Ha parlato fino alla fine, il nostro Masullo. Ha parlato anche di questi svanganti tempi del coronavirus, in un’intervista telematica del 26 marzo scorso su “Napoli notte”, in cui, oltre ad esprimere il disorientamento di tutti ed a denunciare i tentennamenti di chi ci guida, preannunciò il dramma economico sociale che oggi stiamo cominciando a vivere in tutta la sua sconvolgente pericolosità: La preoccupazione è forte…. Le tempeste economiche possono essere più distruttive della guerra stessa, rendere feroci le vite dei popoli… Il contagio irrompe su una situazione già critica. Gli ultimi anni hanno segnato una rottura, sono venuti meno vecchi capisaldi sociali, anche rapporti politici. Soprattutto l’Occidente è da tempo in una crisi dove alla rottura dei vecchi modi di essere non corrisponde neanche un controllo del nuovo: fra il “come eravamo” e il “come saremo” è una navigazione a vista. Dobbiamo pensare a come riprenderci, ma una prefigurazione attendibile non si può fare. Ecco perché si parla di “cigno nero” o tempesta perfetta. Il virus rischia di trasformare le rotture col passato in una unica grande mazzata per l’umanità.”…

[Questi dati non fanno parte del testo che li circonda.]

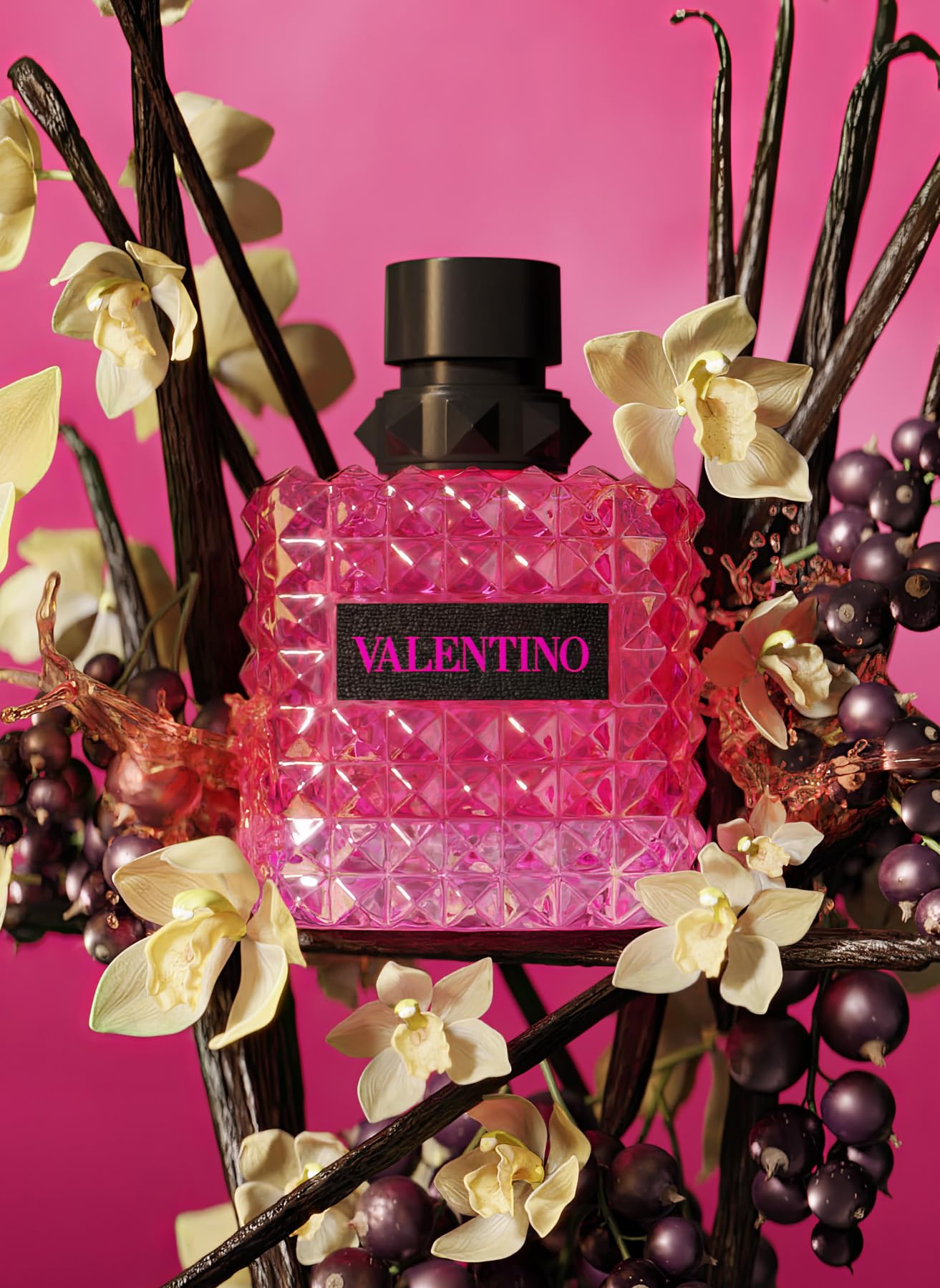 Valentino Donna Born In Roma Extradose, notas de jazmín crean arreglo floral elegante.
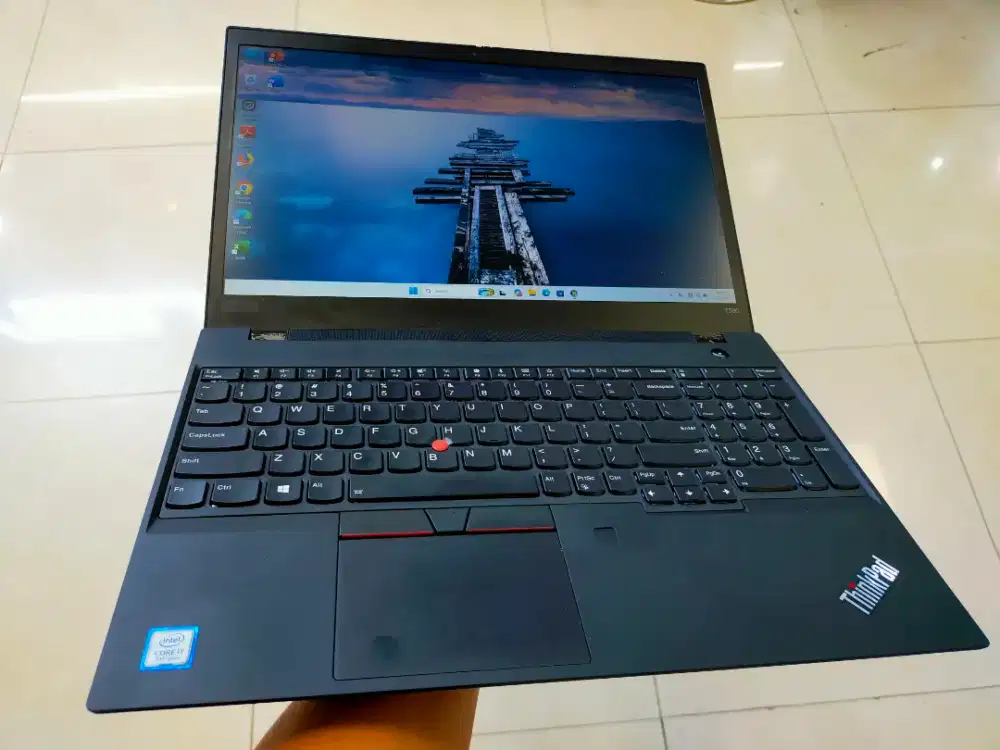 Dijual laptop Thinkpad intel i7 gen 8 ram 8GB DDR4 SSD 256G. Layar FHD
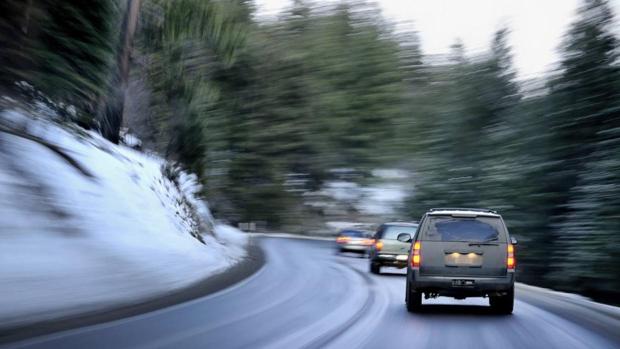 El peligro invisible de la carretera: normas para conducir por debajo de los 3 grados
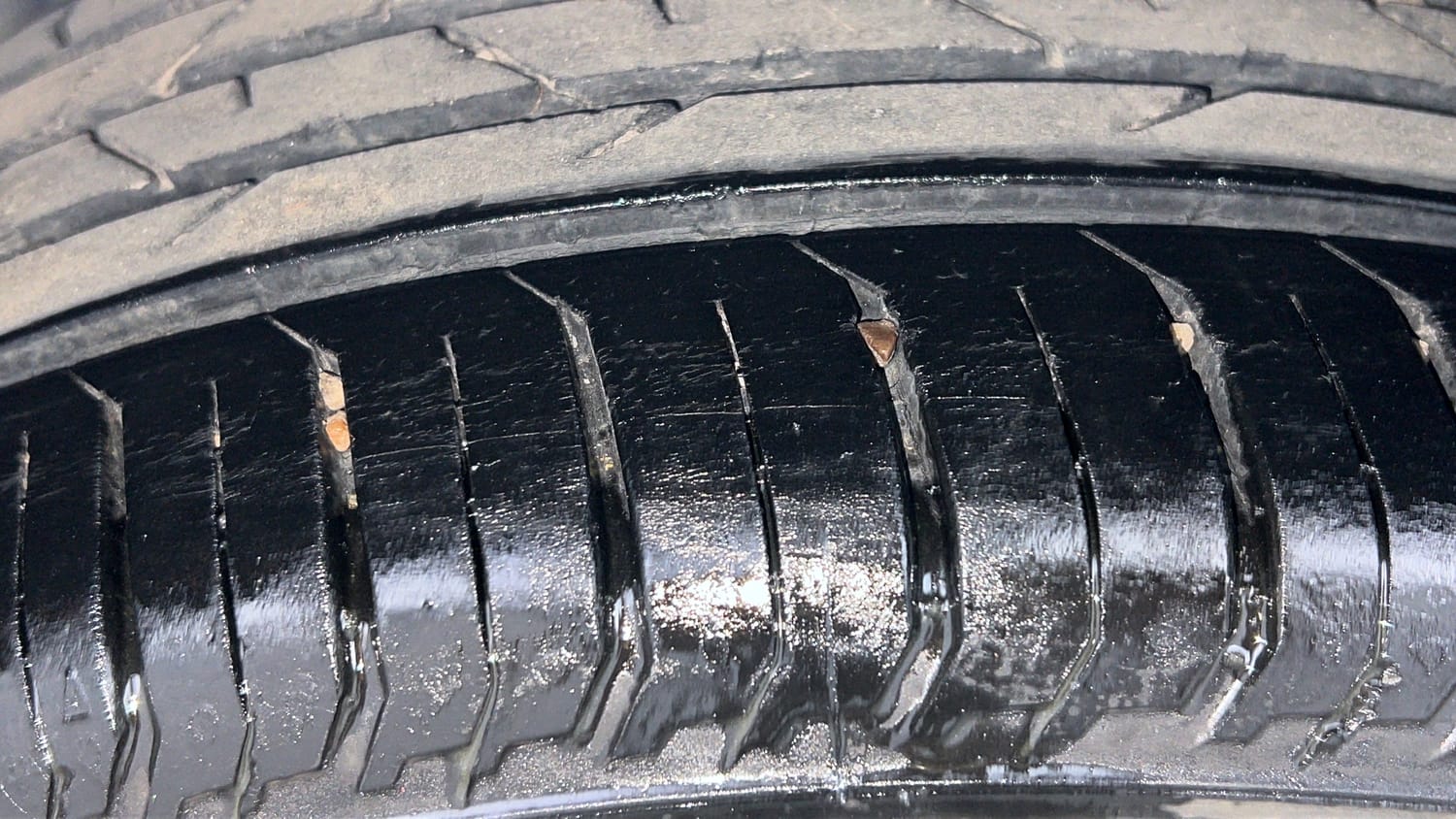 Used 2024 Volkswagen Virtus Topline 1.0 TSI AT Petrol Automatic tyres LEFT REAR TYRE TREAD VIEW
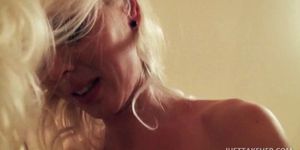 Shaved pussy blonde riding dick in reverse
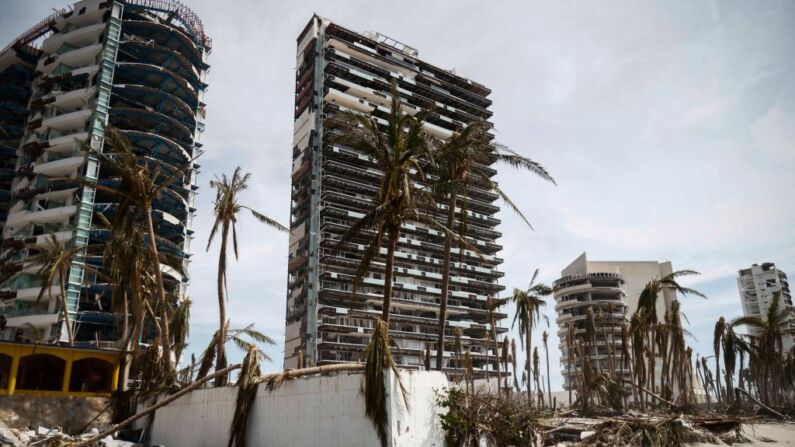 Vista de los daños causados por el paso del huracán Otis en Acapulco, estado de Guerrero, México, el 28 de octubre de 2023. (RODRIGO OROPEZA/AFP vía Getty Images)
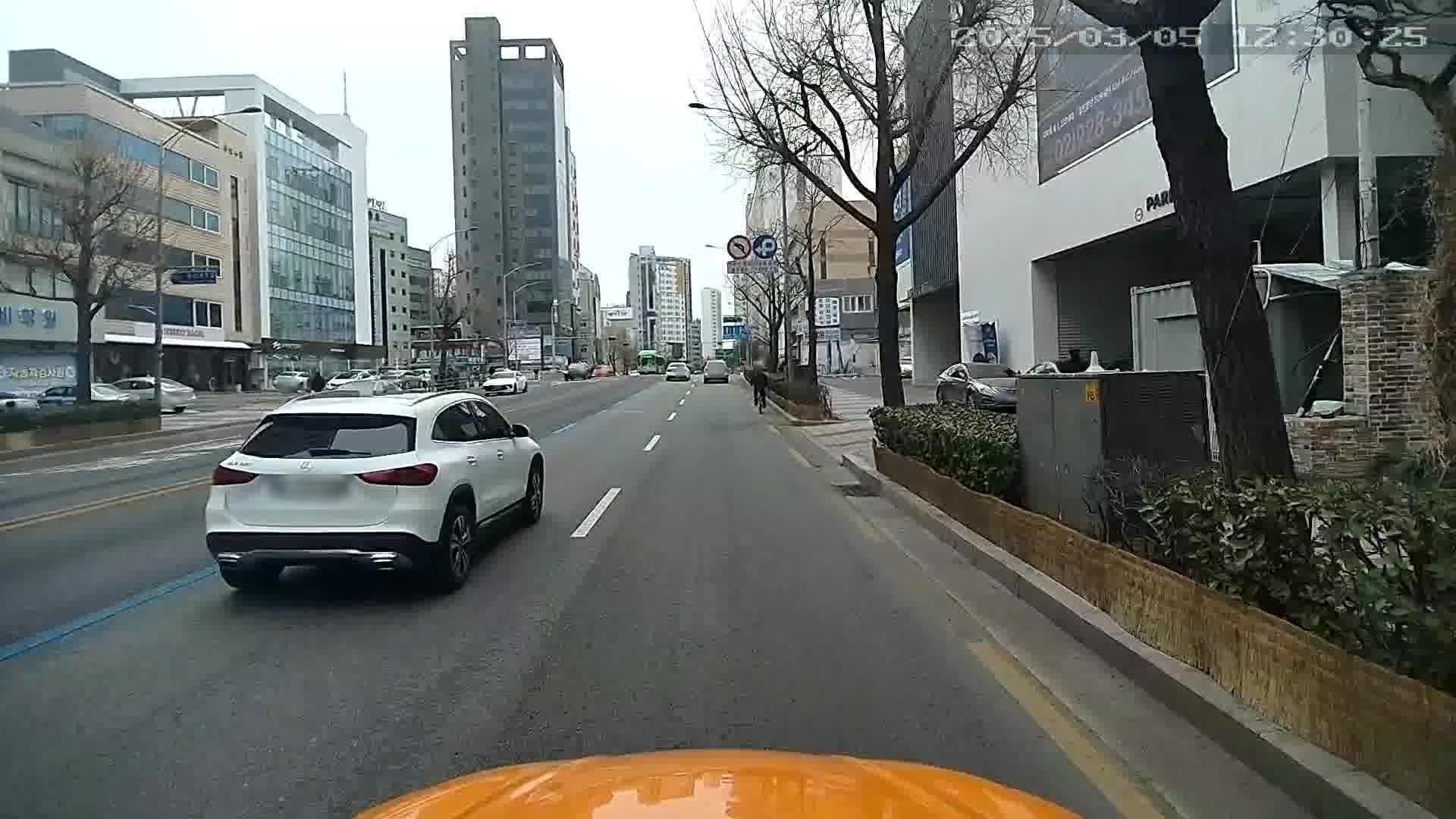 Street view near 호텔 부티크나인, Seoul — © motov (CC BY-SA · Mapillary)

Erano già una mazzata quelle parole, che ci facevano ancora più male perché si aggiungevano alle ferite taglienti di ogni giorno inferte dal virus. Sono ancor più una mazzata oggi. E sta a noi ammortizzare le mazzate ricevute e renderle meno dolorose.

A contribuire in tal senso, non più la parola diretta, ma certamente il pensiero e i valori del nostro grande filosofo.

Caro Aldo, cercheremo di essere degni delle tue parole. Grazie di tutto… e che ti sia lieve la terra …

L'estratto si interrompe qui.